Records from a data source
______________________________
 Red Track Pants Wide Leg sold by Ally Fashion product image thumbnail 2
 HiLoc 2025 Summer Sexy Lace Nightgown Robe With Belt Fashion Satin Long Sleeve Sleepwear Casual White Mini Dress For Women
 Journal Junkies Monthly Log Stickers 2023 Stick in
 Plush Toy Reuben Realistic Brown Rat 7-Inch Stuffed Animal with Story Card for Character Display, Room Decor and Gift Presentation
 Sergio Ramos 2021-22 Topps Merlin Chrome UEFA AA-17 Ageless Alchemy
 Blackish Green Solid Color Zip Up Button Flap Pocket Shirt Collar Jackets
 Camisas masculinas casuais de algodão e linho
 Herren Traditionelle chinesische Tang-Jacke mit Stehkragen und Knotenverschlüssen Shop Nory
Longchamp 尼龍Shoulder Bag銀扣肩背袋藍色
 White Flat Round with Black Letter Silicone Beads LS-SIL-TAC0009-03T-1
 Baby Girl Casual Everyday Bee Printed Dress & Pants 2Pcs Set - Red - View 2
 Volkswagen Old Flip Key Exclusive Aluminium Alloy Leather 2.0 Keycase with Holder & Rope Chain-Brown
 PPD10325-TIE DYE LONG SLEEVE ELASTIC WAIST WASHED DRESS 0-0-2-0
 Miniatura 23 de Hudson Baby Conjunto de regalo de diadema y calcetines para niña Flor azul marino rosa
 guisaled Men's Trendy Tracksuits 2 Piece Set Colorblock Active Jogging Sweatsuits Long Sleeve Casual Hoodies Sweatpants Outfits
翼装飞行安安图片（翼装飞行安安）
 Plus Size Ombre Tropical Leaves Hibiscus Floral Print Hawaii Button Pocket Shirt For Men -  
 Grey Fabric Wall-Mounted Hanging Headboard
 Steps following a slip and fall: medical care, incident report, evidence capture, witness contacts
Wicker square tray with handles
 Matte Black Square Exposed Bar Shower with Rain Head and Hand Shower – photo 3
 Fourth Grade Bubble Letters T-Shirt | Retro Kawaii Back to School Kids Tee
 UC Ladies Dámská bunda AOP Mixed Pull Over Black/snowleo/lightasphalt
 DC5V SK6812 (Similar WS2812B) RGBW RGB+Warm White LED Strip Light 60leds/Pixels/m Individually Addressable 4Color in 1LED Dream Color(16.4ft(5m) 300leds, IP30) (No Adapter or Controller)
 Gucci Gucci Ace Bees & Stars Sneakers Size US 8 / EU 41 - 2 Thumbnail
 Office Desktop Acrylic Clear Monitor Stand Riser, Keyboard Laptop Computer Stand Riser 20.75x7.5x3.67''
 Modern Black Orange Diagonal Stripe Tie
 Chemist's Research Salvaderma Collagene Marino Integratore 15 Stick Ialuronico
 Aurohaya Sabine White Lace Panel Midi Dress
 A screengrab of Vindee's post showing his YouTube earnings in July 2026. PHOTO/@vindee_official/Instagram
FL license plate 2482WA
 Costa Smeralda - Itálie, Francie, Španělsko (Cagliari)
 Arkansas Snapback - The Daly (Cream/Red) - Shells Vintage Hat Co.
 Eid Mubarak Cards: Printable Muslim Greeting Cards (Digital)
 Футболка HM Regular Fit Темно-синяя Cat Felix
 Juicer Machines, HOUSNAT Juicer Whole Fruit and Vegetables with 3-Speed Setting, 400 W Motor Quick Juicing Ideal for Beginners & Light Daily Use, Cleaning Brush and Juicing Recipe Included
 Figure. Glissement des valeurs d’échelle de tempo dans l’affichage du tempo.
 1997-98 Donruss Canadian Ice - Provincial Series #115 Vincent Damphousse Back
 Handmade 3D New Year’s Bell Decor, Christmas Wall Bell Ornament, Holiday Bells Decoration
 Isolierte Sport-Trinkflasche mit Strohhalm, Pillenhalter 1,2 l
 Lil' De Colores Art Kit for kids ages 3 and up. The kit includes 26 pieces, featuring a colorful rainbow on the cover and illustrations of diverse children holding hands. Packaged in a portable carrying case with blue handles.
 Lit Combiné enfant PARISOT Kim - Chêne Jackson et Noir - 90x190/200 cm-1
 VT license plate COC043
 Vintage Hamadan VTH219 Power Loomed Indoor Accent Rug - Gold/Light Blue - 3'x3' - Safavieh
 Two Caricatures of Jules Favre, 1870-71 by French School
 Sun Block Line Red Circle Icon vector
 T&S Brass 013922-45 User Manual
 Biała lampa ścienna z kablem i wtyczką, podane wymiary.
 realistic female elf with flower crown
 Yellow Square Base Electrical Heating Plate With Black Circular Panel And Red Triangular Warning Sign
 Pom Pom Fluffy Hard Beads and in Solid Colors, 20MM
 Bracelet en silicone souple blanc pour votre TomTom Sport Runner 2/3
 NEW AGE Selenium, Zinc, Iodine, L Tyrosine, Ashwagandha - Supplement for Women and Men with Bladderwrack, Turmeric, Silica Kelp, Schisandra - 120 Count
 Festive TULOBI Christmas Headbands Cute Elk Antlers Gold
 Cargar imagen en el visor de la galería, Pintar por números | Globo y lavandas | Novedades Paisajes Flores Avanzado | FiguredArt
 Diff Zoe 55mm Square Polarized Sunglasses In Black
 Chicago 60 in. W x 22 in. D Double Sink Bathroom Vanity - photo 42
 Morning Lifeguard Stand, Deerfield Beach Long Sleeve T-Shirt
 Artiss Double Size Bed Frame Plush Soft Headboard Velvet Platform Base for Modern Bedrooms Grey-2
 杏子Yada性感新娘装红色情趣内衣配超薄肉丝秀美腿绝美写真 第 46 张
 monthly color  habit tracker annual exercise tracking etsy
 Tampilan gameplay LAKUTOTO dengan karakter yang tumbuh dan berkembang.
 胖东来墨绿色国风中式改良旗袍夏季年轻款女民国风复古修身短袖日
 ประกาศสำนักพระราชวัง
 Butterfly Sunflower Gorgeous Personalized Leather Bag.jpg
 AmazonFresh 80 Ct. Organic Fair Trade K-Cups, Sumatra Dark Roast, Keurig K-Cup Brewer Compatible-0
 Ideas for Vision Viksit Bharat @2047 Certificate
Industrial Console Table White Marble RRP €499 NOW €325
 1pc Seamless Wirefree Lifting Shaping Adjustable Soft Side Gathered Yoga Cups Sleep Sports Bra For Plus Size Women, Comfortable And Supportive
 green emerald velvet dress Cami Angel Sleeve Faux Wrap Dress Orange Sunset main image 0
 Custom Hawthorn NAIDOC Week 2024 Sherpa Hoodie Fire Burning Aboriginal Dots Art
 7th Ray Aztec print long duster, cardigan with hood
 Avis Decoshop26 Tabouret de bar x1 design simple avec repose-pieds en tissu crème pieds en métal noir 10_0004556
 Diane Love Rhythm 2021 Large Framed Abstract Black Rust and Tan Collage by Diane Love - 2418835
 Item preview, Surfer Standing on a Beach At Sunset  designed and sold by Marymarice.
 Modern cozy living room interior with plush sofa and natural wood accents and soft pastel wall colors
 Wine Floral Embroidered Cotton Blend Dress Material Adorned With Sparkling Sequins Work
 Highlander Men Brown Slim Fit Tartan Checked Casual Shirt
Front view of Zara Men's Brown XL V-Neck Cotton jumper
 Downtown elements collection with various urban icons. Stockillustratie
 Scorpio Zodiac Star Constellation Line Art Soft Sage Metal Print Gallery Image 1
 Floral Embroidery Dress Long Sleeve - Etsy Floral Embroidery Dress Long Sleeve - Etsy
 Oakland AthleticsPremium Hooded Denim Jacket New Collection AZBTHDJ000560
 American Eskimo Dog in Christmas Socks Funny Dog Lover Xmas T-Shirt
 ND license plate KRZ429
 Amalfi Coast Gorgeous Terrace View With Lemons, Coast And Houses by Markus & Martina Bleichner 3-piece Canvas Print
______________________________
» EXERCISE REQUIREMENTS
Among the entries above, the lines between the ones containing "Vintage Hamadan VTH219" and "realistic female elf with flower crown", inclusive, are to be transcribed exactly. No other line is to be given.

» RESPONSE AREA
 Vintage Hamadan VTH219 Power Loomed Indoor Accent Rug - Gold/Light Blue - 3'x3' - Safavieh
 Two Caricatures of Jules Favre, 1870-71 by French School
 Sun Block Line Red Circle Icon vector
 T&S Brass 013922-45 User Manual
 Biała lampa ścienna z kablem i wtyczką, podane wymiary.
 realistic female elf with flower crown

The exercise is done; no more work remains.